Das 400 Meter lange und 61 Meter breite Schiff gehört der südkoreanischen Reederei HMM (Hyundai Merchant Marine). Die HMM Algeciras ist das erste von 12 geplanten identischen Schiffen. Gebaut werden sie von Daewoo Shipbuilding & Marine Engineering in Südkorea. Den Namen Algeciras hat das Schiff von der spanischen Hafenstadt bei Gibraltar. Wie man hört, soll es bald auch eine HMM Hamburg geben.
Vor- und Nachteile der Riesenschiffe
In der Seefracht bewegt sich DB Schenker zwischen Verladern und Reedern.
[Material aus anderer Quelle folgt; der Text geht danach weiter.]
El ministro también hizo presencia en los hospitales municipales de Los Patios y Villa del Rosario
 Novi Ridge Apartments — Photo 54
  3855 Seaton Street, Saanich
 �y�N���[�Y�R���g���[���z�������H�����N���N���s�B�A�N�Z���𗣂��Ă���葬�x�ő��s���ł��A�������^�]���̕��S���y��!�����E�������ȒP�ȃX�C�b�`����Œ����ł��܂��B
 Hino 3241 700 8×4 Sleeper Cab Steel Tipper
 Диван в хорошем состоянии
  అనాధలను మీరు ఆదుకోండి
Die einen sind Hersteller oder Händler, die anderen Schiffseigner. Verlader, die ihre Sendungen nicht selbst abwickeln, beauftragen DB Schenker als Seefrachtspediteur, also als Mittler. Der steuert unter anderem den Transport der Container zum Schiff und den Abtransport vom Zielhafen. Darüber hinaus organisiert DB Schenker das Zusammenführen („Konsolidieren“) von Sendungen, wenn die Ware eines einzelnen Kunden den Container nicht füllt.
„Einerseits begrüßen wir es, wenn die Reedereien durch immer größere Schiffe den Transport über die Weltmeere wirtschaftlich gestalten, indem sie Mengen bündeln“, sagt Hans-Thorsten Lanfermann, Head of Ocean Export DE/CH.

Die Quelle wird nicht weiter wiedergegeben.